Recent advances in deep learning (DL) architectures have improved model quality in a variety of domains, but have come at the expense of a substantial increase in model sizes. Model architectures have reached unprecedented scales, and multi-billion parameter models have become commonplace.
Unfortunately, GPU memory capacity growth has not kept pace with this rapid expansion, introducing a new systems bottleneck for DL users. While solutions exist, such as model parallelism, they suffer from performance drawbacks and introduce efficiency issues of their own.
In this talk, I will introduce Hydra, our new system for large-scale multi-model training. Hydra takes a fresh database-inspired approach to the problem, introducing new ML systems techniques adapted from RDBMSs. This includes a highly general form of automatic model sharding and spilling across memory hierarchy, a novel hybrid of model parallelism and task parallelism inspired by multi-query optimization, and a new paired scheduling scheme inspired by double buffering in RDBMSs.

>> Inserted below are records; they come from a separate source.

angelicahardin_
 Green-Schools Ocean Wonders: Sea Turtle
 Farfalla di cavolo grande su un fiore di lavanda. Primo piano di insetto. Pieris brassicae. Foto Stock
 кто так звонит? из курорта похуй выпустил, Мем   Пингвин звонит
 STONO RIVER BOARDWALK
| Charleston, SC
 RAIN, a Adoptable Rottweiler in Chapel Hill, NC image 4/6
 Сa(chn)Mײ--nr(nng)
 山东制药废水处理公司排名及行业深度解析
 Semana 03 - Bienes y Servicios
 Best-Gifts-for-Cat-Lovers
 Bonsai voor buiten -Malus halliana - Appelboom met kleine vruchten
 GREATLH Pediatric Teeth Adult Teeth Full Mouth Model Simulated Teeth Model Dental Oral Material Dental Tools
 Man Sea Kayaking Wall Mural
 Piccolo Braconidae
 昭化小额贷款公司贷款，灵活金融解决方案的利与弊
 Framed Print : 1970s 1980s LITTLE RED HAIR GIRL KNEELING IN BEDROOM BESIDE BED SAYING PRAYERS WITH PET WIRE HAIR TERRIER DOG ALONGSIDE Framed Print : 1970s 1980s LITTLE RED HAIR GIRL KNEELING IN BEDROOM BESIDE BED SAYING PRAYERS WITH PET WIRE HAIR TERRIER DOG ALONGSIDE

Our system demonstrates linear speedups against model parallelism and 50% faster training times versus state-of-the-art pipeline parallel techniques. To explore Hydra’s real-world usability, we are currently working with a group training deep learning models for physics, where high-resolution data poses challenges for scalability.
Speaker bio:
Kabir is a Ph.D. student in the UC San Diego databases group advised by Professor Arun Kumar. His research broadly addresses performance optimizations in machine learning systems design, with his most recent work focusing on enabling efficient training of large-scale models.